Text messaging scams or SMS scams have been a huge issue among mobile phone users for a while now. So much so that we’re terrified every time the phone pings a message tone. And with such scammers getting more creative with their devious plans, there is no telling what your SMS scam, or as the tech world calls it, smishing, would look like anymore.
The most common modus operandi (MO) of these smishing scams are that the person who owns the phone number gets a text from someone pretending to be a person or institution that they trust. This can be anyone that’s either posing to be friend, their bank or telco service provider.
The messages that come in usually have a sense of urgency to them, like unpaid balances to your “telco company”, that is threatening to “cut off your phone line” or even something along the lines of your “bank”, claiming that there is a “huge amount of money being deposited into your account”, however for this to be processed, there will be a “small fee” charged, which you will then need to send to another bank account.
Such MOs are just one of the few of hundreds of scam tactics that scammers have up their sleeves. However, the key to avoid being the victim is to keep vigilant and practice these common ways of preventing SMS or text message scams.
#1 Texting Back
You may be tempted to send a reply back to the scammer to leave you alone. But, did you know that even that could get you into trouble? Most scammers are just trying their luck with phone numbers, fishing out real people from randomly generated phone numbers. You sending them a message just confirms that there indeed is a real person at the other end of the line and your number will be automatically saved to their databases. They will then continue to harass you with more smishing messages and may even escalate to using phone or call scam methods.
#2 Sending Sensitive Information
If you get a text from an unknown number and it starts asking for sensitive information such as your social security number or your bank account and PIN number, you may want to ignore that text message and block the number. Most of these scammers operate under the ruse of being your bank or telco service provider in order to unscrupulously worm your private data out from you. Once they have these vital information, they would almost certainly be able to hack into your bank accounts and other digital payment accounts like Paypal or Venmo.
#3 Clicking On Links
Some of these scam text messages may also contain a link that they would prompt you to click into. Don’t ever make that mistake. The moment you click into it, you would be redirected to a website that will request for your bank account details in order to proceed. The moment you enter those details into the available fields, the scammer would be able to clearly see this and extract the information through your browser cache and cookies. Worse still, the link would silently download an app that secretly sends all the pins and passwords that you enter on your phone, directly to the scammers laptop.
#4 Reporting The Scam
Should you find yourself a victim of text message scams, report it. Firstly, approach your telco service provider and let them know that someone has been sending you such scammy messages. Reporting your situation will give your telco company a chance to alert other users as well.
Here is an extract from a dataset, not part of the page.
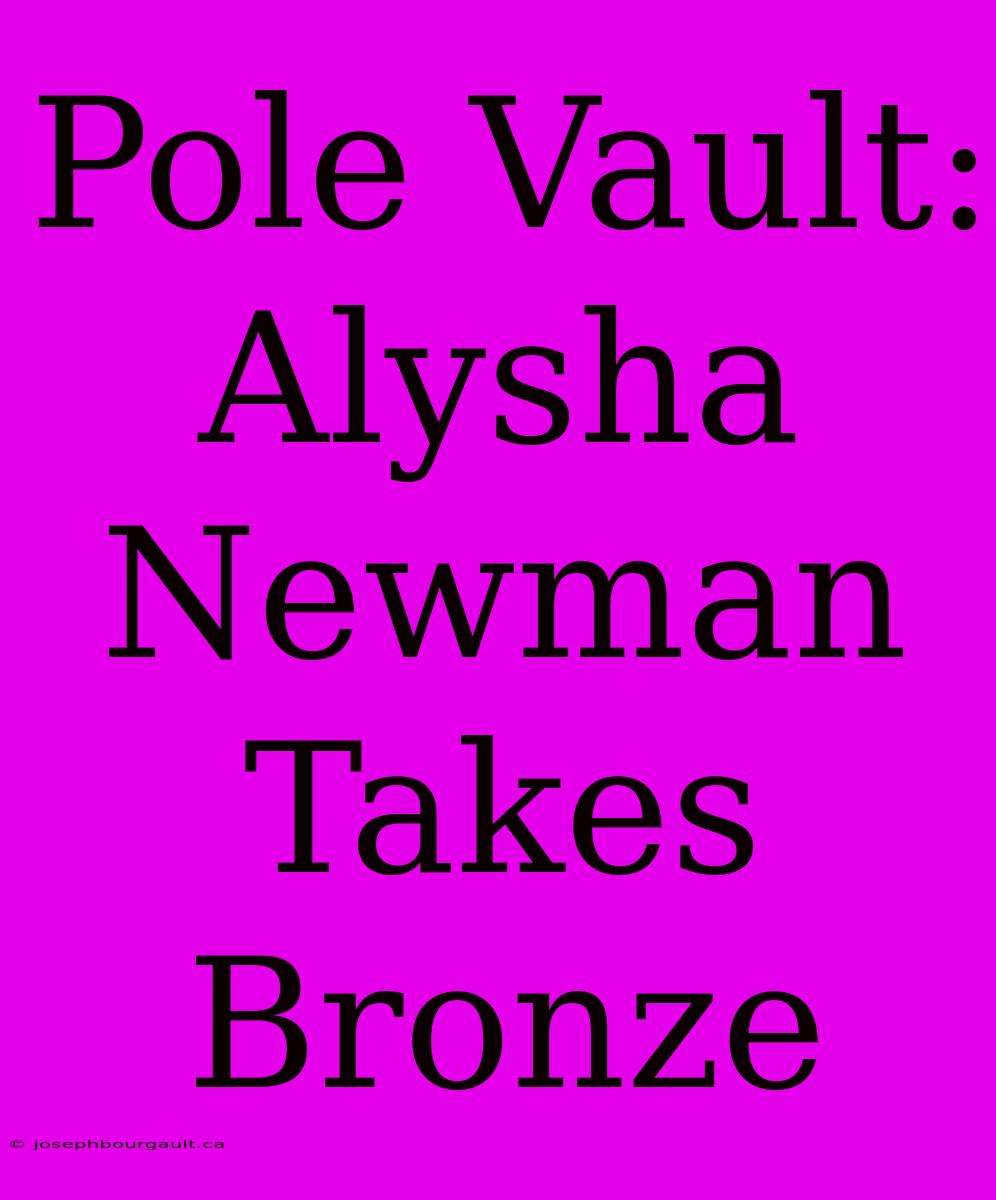 Pole Vault: Alysha Newman Takes Bronze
Besides that, you can also escalate the matter to scam and fraud prevention organizations, like Action Fraud or even lodge a police report.
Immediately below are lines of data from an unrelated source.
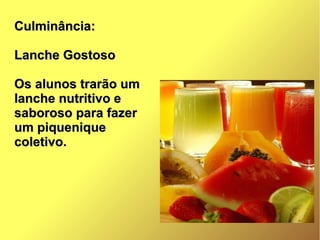 Culminância:Culminância:
Lanche GostosoLanche Gostoso
Os alunos trarão umOs alunos trarão um
lanche nutritivo elanche nutritivo e
saboroso para fazersaboroso para fazer
um piqueniqueum piquenique
coletivo.coletivo.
SMS scams or smishing is a real problem that affects millions of mobile phone users around the world and many have lost every single cent they have had to their name because of text message scams like this. Be wary and make sure you only reply to text messages from phone numbers that you are 100% sure of. If you suspect that a local number has been sending you scam messages, a quick phone lookup would be able to tell you who’s been hiding behind these deviant text messages.